The Eagle, er, the Emirates, has landed. At Dallas-Fort Worth International Airport, at about 8:45 this morning, to great fanfare – as shown in the photo above of the so-called “shower of affection” that was accorded the Boeing 777-200LR aircraft upon touchdown. (“Shower of affection” means something else where I come from, but apparently this is an aviation ritual.) The plane had left Dubai about 16 hours earlier, becoming Emirates Airline’s first-ever daily, non-stop flight to D/FW. It was scheduled to turn around and head back to the United Arab Emirates a couple of hours later.
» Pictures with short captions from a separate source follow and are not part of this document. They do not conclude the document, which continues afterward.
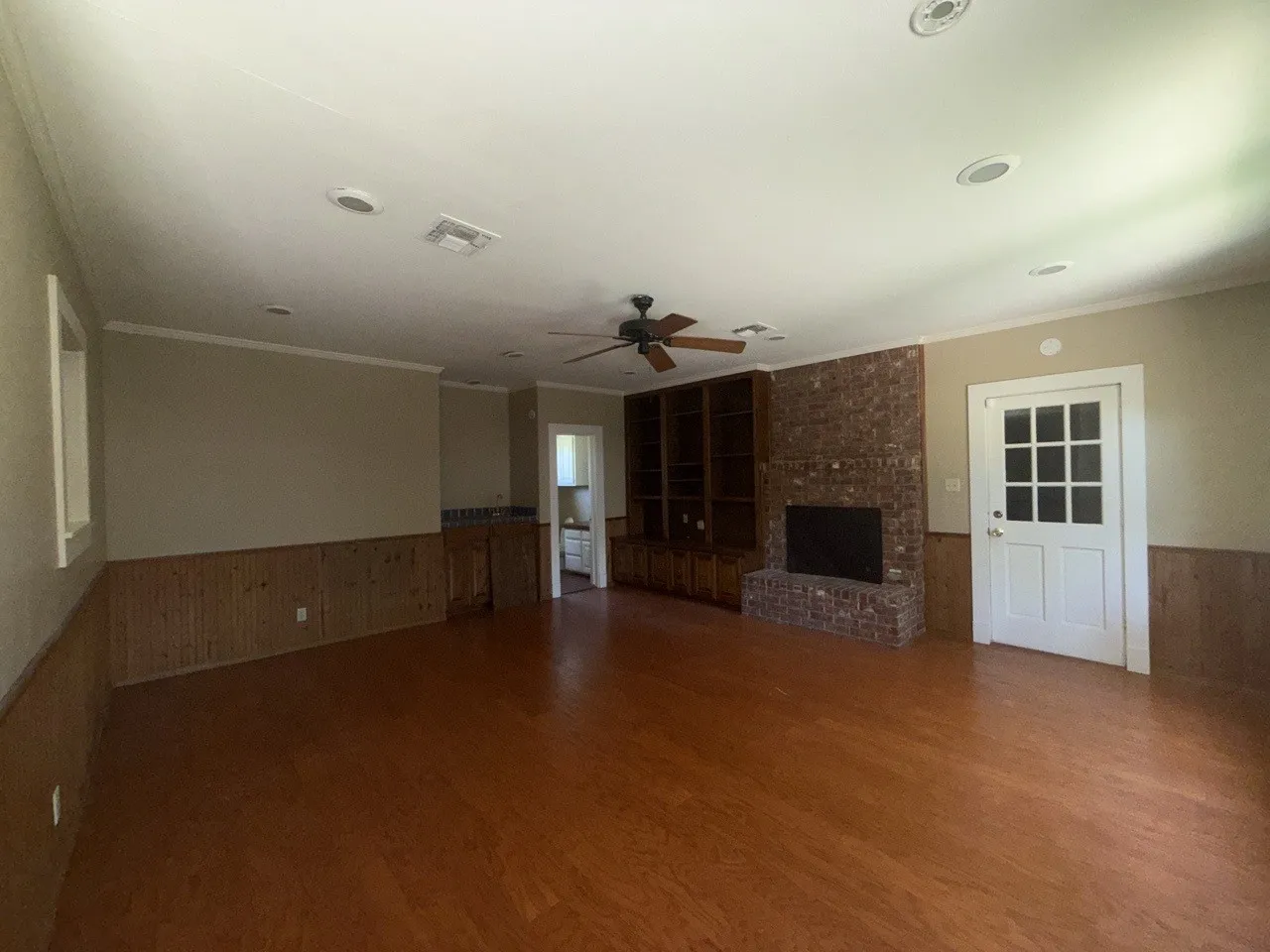 Single Family Residence For Sale in Navarro County , 1820 Maplewood Avenue, Corsicana, Texas 75110, 3 Bedroom, 4 Bathroom, 2 Garage spaces, 2,272 Sqft, built in 1950, mls#21398874, Real Estate Agent in Corsicana, Homes For Sale in Navarro county, Homes For Sale in Corsicana, Realtor in Corsicana Texas, Real Estate Brokerage Independent Realty Texas, Luminita Cordes Realtor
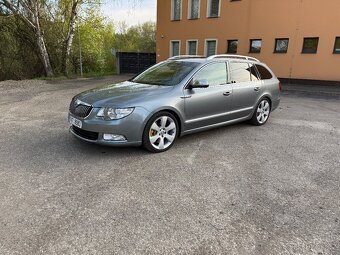 Škoda Superb 3.6 fsi V6 191kW DSG 4x4 – plná výbava - 11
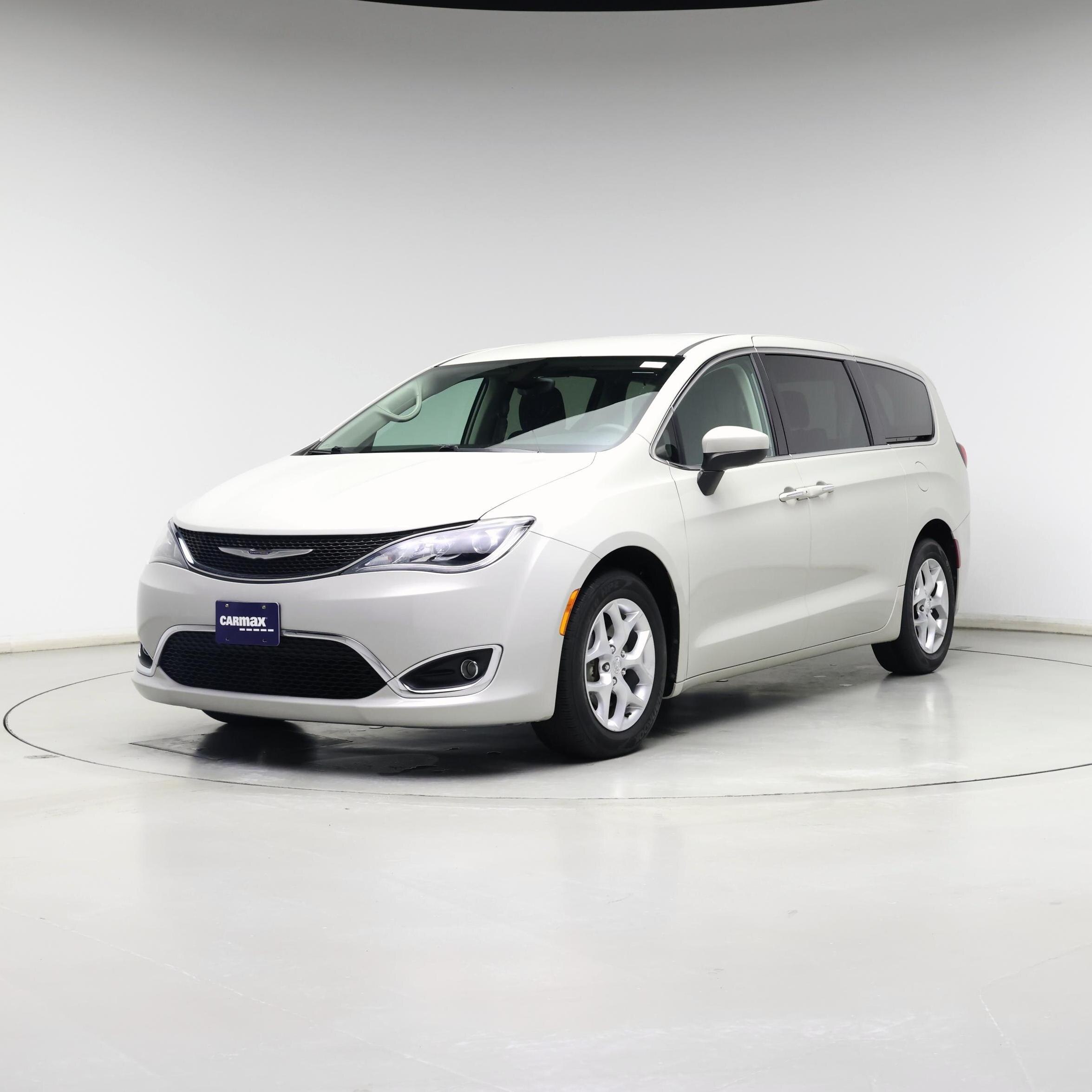 Thumbnail: 2017 Chrysler Pacifica - 4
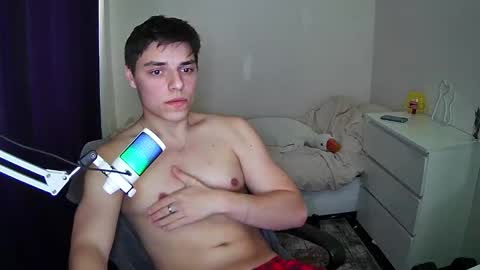 Snapshot of javiermire chatting on October 31, 2025, 12:50 pm javi online show from October 31, 2025, 12:50 pm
As part of the inaugural hullabaloo, various government and airline officials cut a cake, said “Howdy” a lot, and gave each other gifts. Fort Worth Mayor Betsy Price handed Yousef Al Otaiba, the UAE ambassador to the United States, her black cowboy hat. When the ambassador (they actually call him “Excellency”) put it on, he joked, “I’m gonna get shot when I get back to D.C.” That was an apparent reference to the Cowboys-Redskins rivalry (we think).
The officials also said that Texas is the U.S. leader in exports to the UAE, accounting for $2 billion of the $16 billion that’s logged annually. That figure, they added, is sure to increase with the new service to Dubai, which in turn will offer flyers connections to many more destinations in the Middle East, Africa and the Indian Subcontinent.
At that they opened up the 777 for a quick tour, showing off the plane’s gourmet grub, red-capped flight attendants (see below), all-class entertainment system (100 TV channels, 500 audio channels, 100 video games, etc., at each screen), and luxury seating. At each of the “lie-flat” beds in Business Class, for example, rose petals had been strewn, and one immaculate little pair of white “sleeping socks” had been set out. The 777 seats 266 passengers in all, eight in private suites with their own bar.
According to Nigel Page, Emirates’ senior VP for commercial operations, the new service is expected to produce an economic impact of $227 million on North Texas annually. He said that today’s flight from Dubai had been at 76 percent of capacity, that the return flight would be 100 percent full, and that he expected all the airline’s daily flights to average 75 percent capacity in the early going.